● ACTIVITY
Only some lines are wanted. Transcribe, exactly, the lines below from the line with "Property photo of" up to and including the line with "Gold tone red".

● DATA RECORDS
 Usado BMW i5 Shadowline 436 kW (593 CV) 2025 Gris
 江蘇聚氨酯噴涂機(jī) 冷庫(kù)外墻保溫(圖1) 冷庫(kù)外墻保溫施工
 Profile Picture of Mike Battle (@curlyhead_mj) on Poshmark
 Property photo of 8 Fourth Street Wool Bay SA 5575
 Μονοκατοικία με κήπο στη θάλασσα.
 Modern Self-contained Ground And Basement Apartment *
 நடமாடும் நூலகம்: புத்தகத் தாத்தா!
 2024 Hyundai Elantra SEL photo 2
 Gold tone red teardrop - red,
...
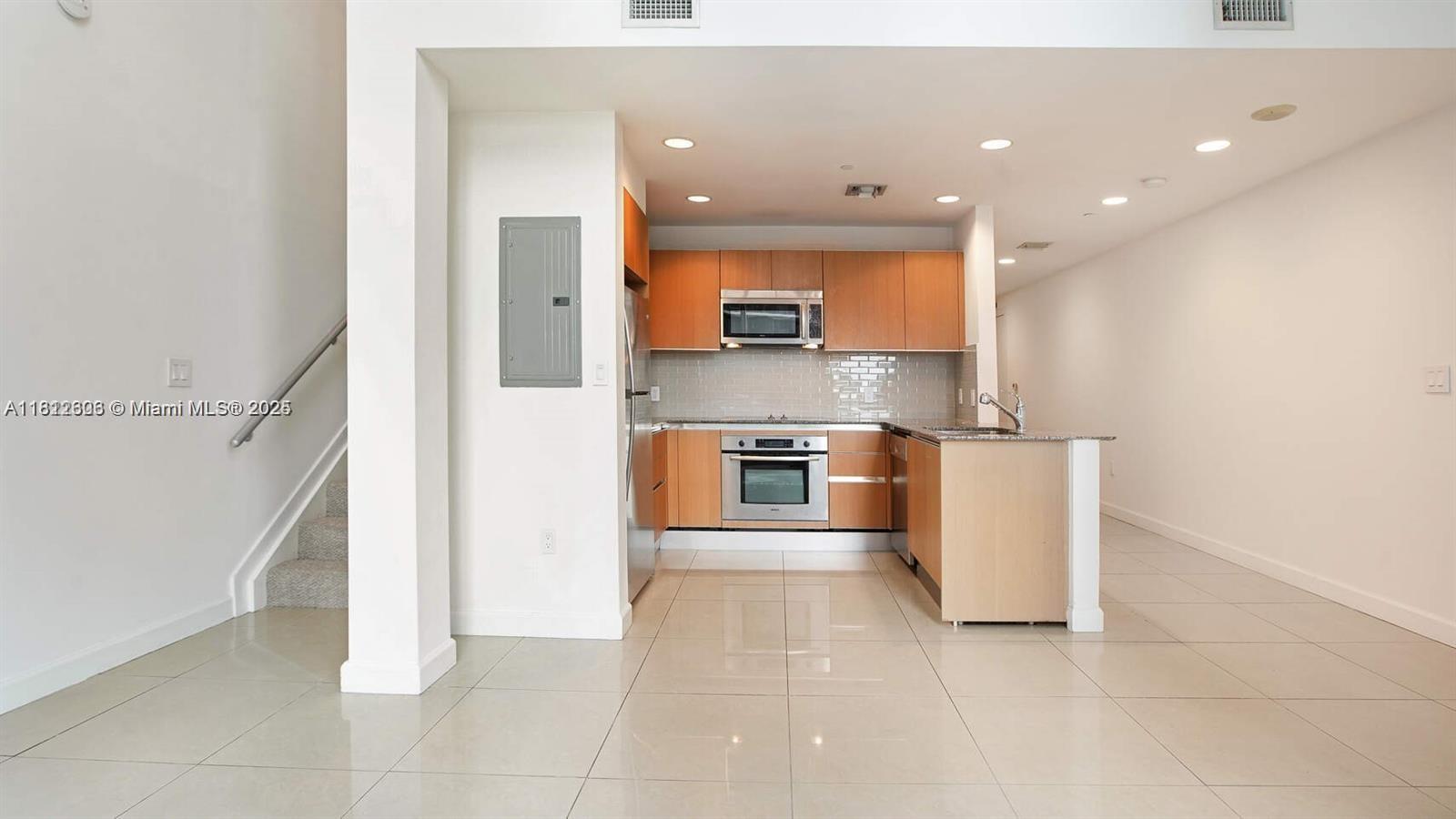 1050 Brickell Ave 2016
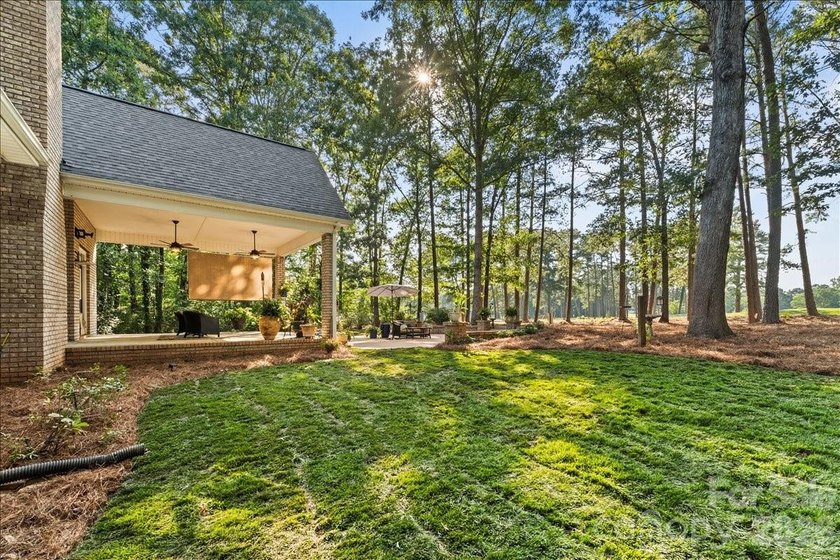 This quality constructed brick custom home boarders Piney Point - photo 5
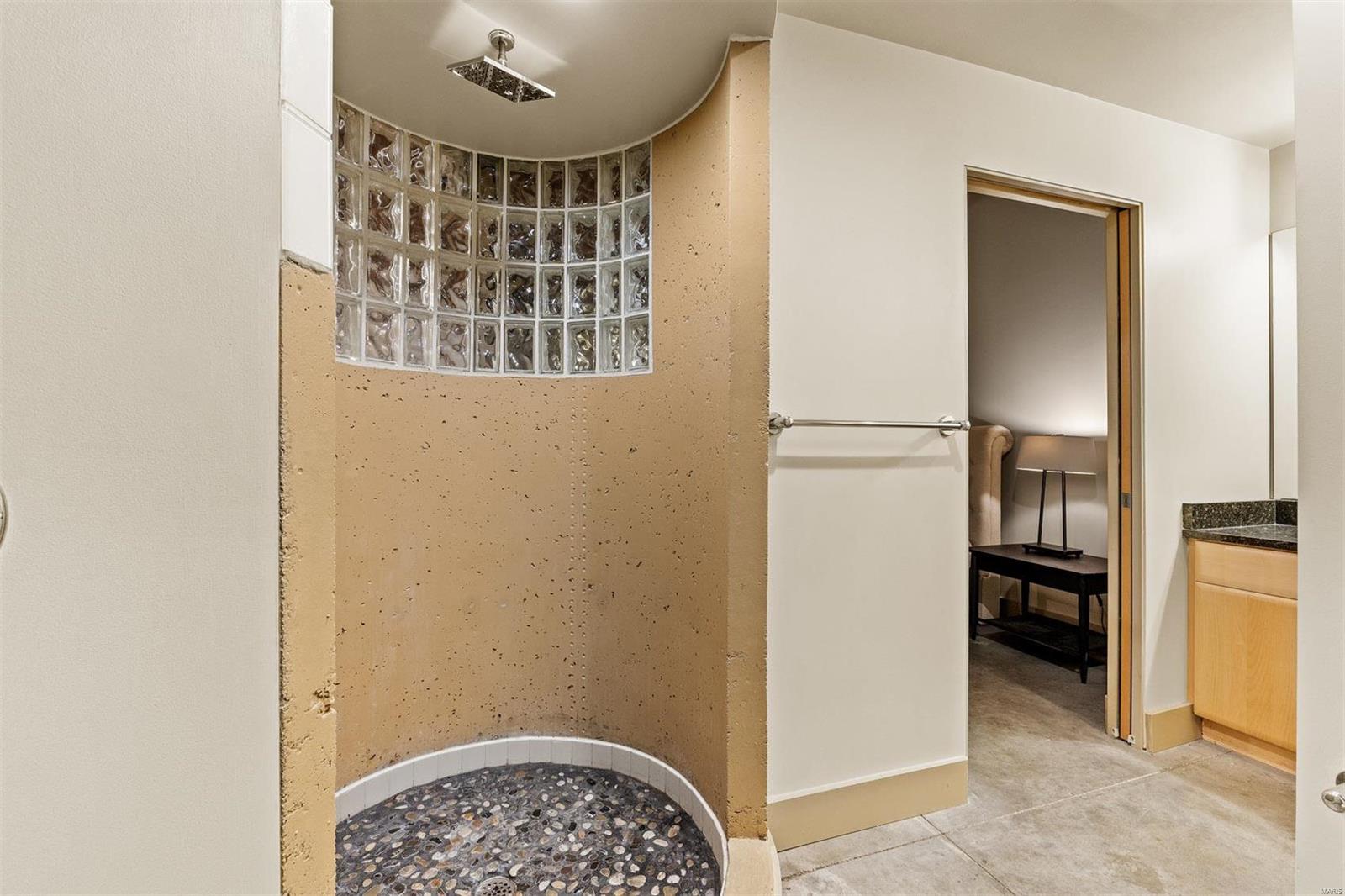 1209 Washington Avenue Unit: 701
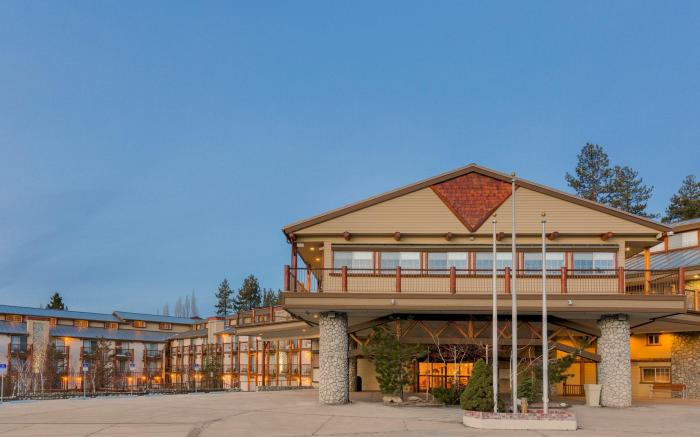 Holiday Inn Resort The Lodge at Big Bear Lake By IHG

● TASK SOLUTION
 Property photo of 8 Fourth Street Wool Bay SA 5575
 Μονοκατοικία με κήπο στη θάλασσα.
 Modern Self-contained Ground And Basement Apartment *
 நடமாடும் நூலகம்: புத்தகத் தாத்தா!
 2024 Hyundai Elantra SEL photo 2
 Gold tone red teardrop - red,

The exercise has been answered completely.